# Korkrutengriff lackieren??



## moppedx (5. Oktober 2010)

Was denkt ihr?
Sollte man seine Korkrutengriffe lackieren?

Meine Meinung/Erfahrung:
ich lackiere grundsätzlich meine Rutengriffe-
nur ganz dünn mit 2mal mit Sprühlack
Vorteil: der Griff nimmt keine Feuchtigkeit,Schmutz und so weiter mehr an.
der Griff sieht auch nach über 10 Jahren aus wie neu.Nur halt leicht dunkler

Ich habe die Erfahrung gemacht das auch bei selten gefischten Ruten der Griff stumpf wird und Löcher aufweisst und auf dauer dann irgendwie verfällt.der Paketleger versiegelt ja auch seinen Korkfußboden!!
Ein Rutenbauer sagte mir mal das Kork "atmen" muß

Was ist eure Erfahrung?


----------



## Nolfravel (6. Oktober 2010)

*AW: Korkrutengriff lackieren??*

Hochwertiger Kork braucht nicht lackiert zu werden.




Gruß Jan Peter


----------



## Schleien-Stefan (6. Oktober 2010)

*AW: Korkrutengriff lackieren??*

Was soll es denn bringen?

Ein Korkgriff hat seine Eigenarten (oder eben Vorteile) in der Haptik, also wie er sich besonders in nassem Zustand greifen lässt. Wenn Du den mit Lack überziehst ist das weg, ob unter dem Lack Kork, Duplon oder Plastik ist macht ja keinen Unterschied. Geht es Dir nur um die Optik?

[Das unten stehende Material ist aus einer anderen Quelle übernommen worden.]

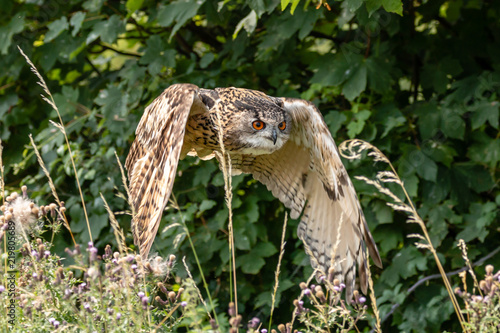 A huge Eagle Owl flying low over dense green foliage on a sunny day
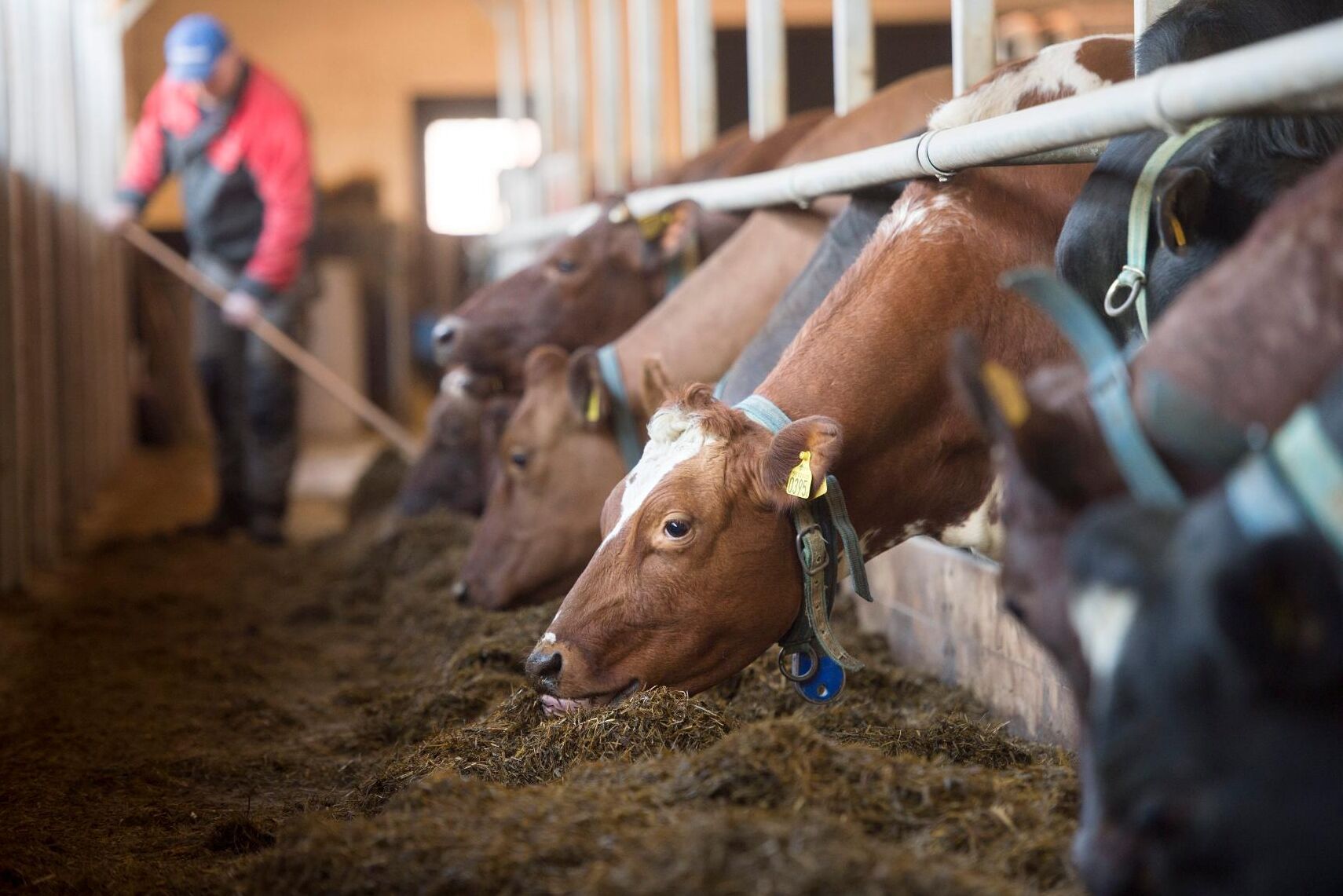 "De veterinära tjänster som Distriktsveterinärorganisationen utfört sedan 1995, hade kunnat utföras billigare och bättre av lokalt verksamma veterinärer", skriver debattörerna. (Arkivbild)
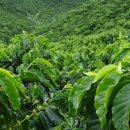 우림교역 이미지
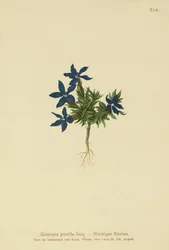 Genciana anã (Gentiana pumila)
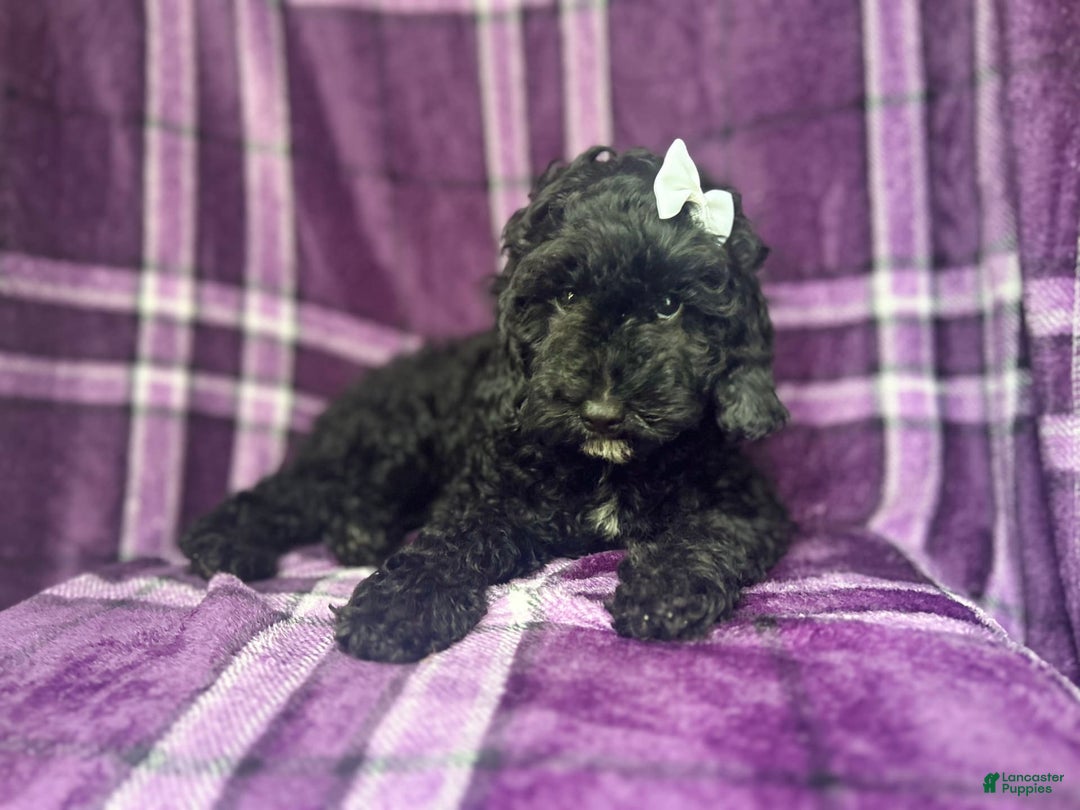 Cockapoo dogs for sale: Snookie - Image 8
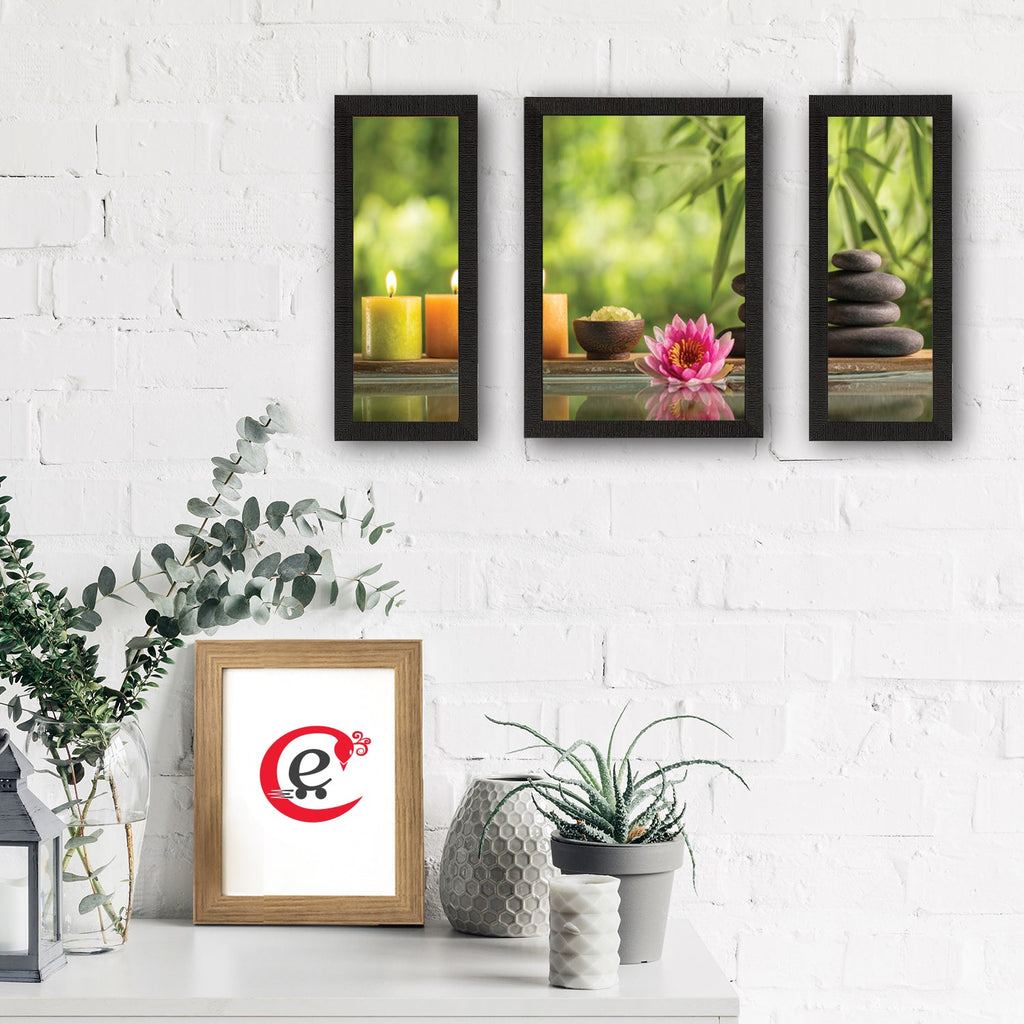 Set of 3 Floral Theme Satin Matt Texture UV Art Painting Kafalo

Hochwertiger Kork ist eigentlich recht unproblematisch solange man ihn nicht mechanisch beschädigt (z.B. Haken reinrammt).


----------



## HD4ever (6. Oktober 2010)

*AW: Korkrutengriff lackieren??*

den schönen Kork lackieren ??? #d
würd ja gar nicht gehen bei mir ....


----------



## Bruzzlkracher (6. Oktober 2010)

*AW: Korkrutengriff lackieren??*

_*Boooobsteeer!!!*_

(lackiert seine Korkgriffe, vielleicht kann er ein paar Worte dazu (dafür) schreibseln...#c)


----------



## Keine_Ahnung (6. Oktober 2010)

*AW: Korkrutengriff lackieren??*

Nö, lackieren kommt nicht in Frage. 
Absolut dicht wird der Kork sowieso nicht und eventuelle Feuchtigkeit braucht länger zum Abtrocknen -> Schimmelgefahr.

Desweiteren muss ein Korkgriff dunkel werden, ist schließlich ein Gebauchsgegenstand und nicht für die Rutensammlung. Stört mich absolut nicht.


----------



## Buds Ben Cêre (6. Oktober 2010)

*AW: Korkrutengriff lackieren??*

Bloß nicht!
Dann kannst dir auch gleich nen häßlichen Duplon nehmen!
|kopfkrat


----------



## NickAdams (6. Oktober 2010)

*AW: Korkrutengriff lackieren??*

Ich möchte Natur in der Hand halten, keine Chemie. Deshalb lackiere ich nicht.

So long,

Nick


----------



## Bobster (6. Oktober 2010)

*AW: Korkrutengriff lackieren??*

Diese Frage ist lange nicht mehr gestellt worden......|rolleyes

.....und hier für alle die es lesen möchten:

Ihr könnt mich alle mal .........

Ich lackiere meine Korkrutengriffe alle....und zwar
3x mit Bootslack :m


...und ja... ich steh' drauf


----------



## angelnrolfman (6. Oktober 2010)

*AW: Korkrutengriff lackieren??*

Moin Moin,

ich gabe meinen Vorpostern da schon Recht. Ist doch wirklich ein Unterschied, ob ich was Lackiertes, Schaumstoff u.s.w. oder natürlichen Kork in der Hand habe.
Ich persönlich nehme etwas feines Schleifpapier, wenn nötig und schleife den Korkgriff einmal über. Dann sine etwaige Unebenheiten geglättet.....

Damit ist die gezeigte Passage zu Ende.